|The Wordsworth graves|
The family and some of their literary friends lived here from 1808 till 1811. It was not a house that Wordsworth liked, but it had space, and with an expanding family (two more children were born here) the family needed space. Allan Bank is a National Trust property. It was purchased by Canon Hardwicke Rawnsley (co-founder of the National Trust) who came to live here in 1917. Upon his death in 1920 the property was handed over to the National Trust, on the condition that his wife could continue to live there until her death. The house was seriously damaged by a fire in 2011, but the National Trust restored it and opened it again to the public. However, do not expect a nicely decorated house with all the fine trimmings!
A visit to this house and gardens is something out of the ordinary. After the fire and restoration the rooms were left as a blank canvas: no wall paper, no painted walls, no expensive frames on the walls or other exquisite ornaments in the rooms are seen. Old furniture was put in the house following donations. The concept of the house (unlike other historic houses of the National Trust) is that every visitor should make themselves at home and enjoy everything in the house with no limit. There are no items ‘on display’: you can touch all items and use all furniture. In each room visitors can find hints and clues about the history of the house and its inhabitants. Each room has been given a theme: children have a playroom, dogs are allowed inside, you can read the books, study the history, there is an art room for young and old where you can make your own painting, you can watch birds and wildlife, you can get yourself a tea or coffee and relax in a comfortable chair by the fire.
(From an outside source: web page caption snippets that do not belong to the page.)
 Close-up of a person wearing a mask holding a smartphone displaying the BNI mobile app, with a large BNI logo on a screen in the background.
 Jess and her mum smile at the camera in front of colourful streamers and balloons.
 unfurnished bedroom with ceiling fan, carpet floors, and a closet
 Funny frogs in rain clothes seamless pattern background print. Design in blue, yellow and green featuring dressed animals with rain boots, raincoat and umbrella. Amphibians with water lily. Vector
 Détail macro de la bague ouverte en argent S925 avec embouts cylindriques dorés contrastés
You can also go outside and explore the gardens and the outdoors: you can walk, have a picnic, sit and enjoy the scenery and the view, watch the red squirrels, or just relax and unwind. It is up to you to decide how to experience this house and its gardens. There is something for everyone, for the adults and the children! You just have to embrace the challenge. We just loved it! And we did get our cup of coffee with cake and sat down whilst enjoying the view. Truly remarkable experience. It's the perfect place to come explore, relax, reflect and be inspired, as Wordsworth and many others were.
|Inside Allan Bank today|
|A quite reading at Allan Bank|
From here the Wordsworth family moved to Grasmere Rectory, a cold and damp house opposite St. Oswald’s Church, where the two youngest children died. They stayed here only two years, moving then to Rydal Mount and their final home. This ended our Wordsworth tour for the day.
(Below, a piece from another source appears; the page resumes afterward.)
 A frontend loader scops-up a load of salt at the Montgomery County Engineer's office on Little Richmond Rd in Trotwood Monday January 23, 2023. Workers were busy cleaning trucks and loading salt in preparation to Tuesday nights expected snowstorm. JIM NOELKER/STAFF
It is very unlikely that any of the Brontës visited any of these houses. However, there are some links between the Brontës and the Lake District and it poets. Southey, Wordsworth and Coleridge were all very much admired by the Brontës. There is clear evidence that Wordsworth’s poems had an influence on the Brontës in their writings. In 1837 Branwell Brontë wrote a brash (rather impertinent) letter to Wordsworth, seeking his advice on his work. Sadly for Branwell he never received a reply.
In the same year Charlotte wrote to Robert Southey seeking his advice on some of her poems. She was more fortunate than her brother and she received a reply from Southey praising her poetic talents, but also discouraging her from writing professionally. He said "Literature cannot be the business of a woman's life: & it ought not to be. The more she is engaged in her proper duties, the less leisure will she have for it, even as an accomplishment & a recreation. To those duties you have not yet been called, & when you are you will be less eager for celebrity." In her reply to Southey she said: “I trust I shall never more feel ambitious to see my name in print – if the wish should rise I’ll look at Southey’s autograph and suppress it: It is an honour enough for me that I have written to him and received an answer. That letter is consecrated…”. On the envelope she wrote: “Southey’s advice To be kept for ever”. Years later, Charlotte remarked to a friend that the letter was "kind and admirable; a little stringent, but it did me good." It is a remarkable story, certainly now that we know Charlotte has become a world famous writer and Southey’s work is not much read and known these days!
Charlotte visited the Lake district on a number of occasions: she visited the Arnold Family in 1850 in their home Fox How near Ambleside, she also stayed with sir James Kay-Shuttleworth and his wife at Briery Close (near Windermere) where she also met Elisabeth Gaskell, she stayed with Harriet Martineau in her home The Knoll in Ambleside. These houses are not open to the public, they are either private properties or have been transformed into holiday homes.